→ Information shown:
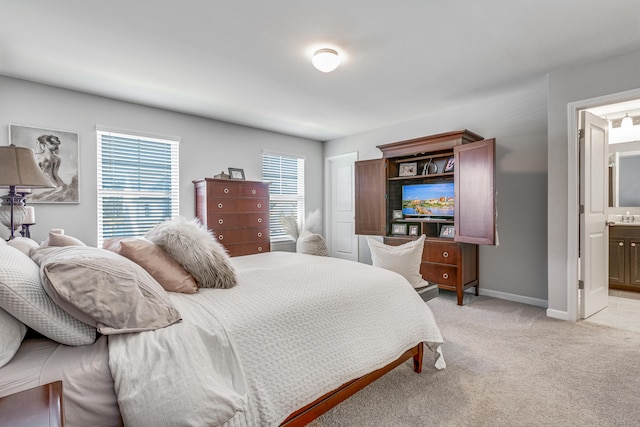 bedroom with ensuite bathroom and light carpet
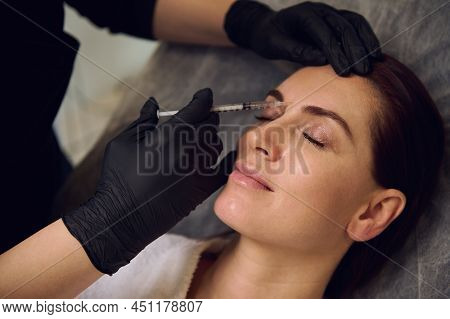 Beautiful Middle Aged European Woman Getting Beauty Injections On Her Face In Wellness Spa Cosmetolo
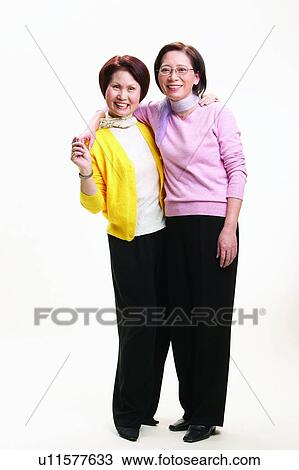 Stock Image - Casual Clothing, Arm Around, Cardigan, Brown Hair, Asian Ethnicity, Adults Only. Fotosearch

→ Brief:
If pictures appear in the data, do not print them; repeat the rest exactly.

→ Response to this task:
 bedroom with ensuite bathroom and light carpet
 Beautiful Middle Aged European Woman Getting Beauty Injections On Her Face In Wellness Spa Cosmetolo
 Stock Image - Casual Clothing, Arm Around, Cardigan, Brown Hair, Asian Ethnicity, Adults Only. Fotosearch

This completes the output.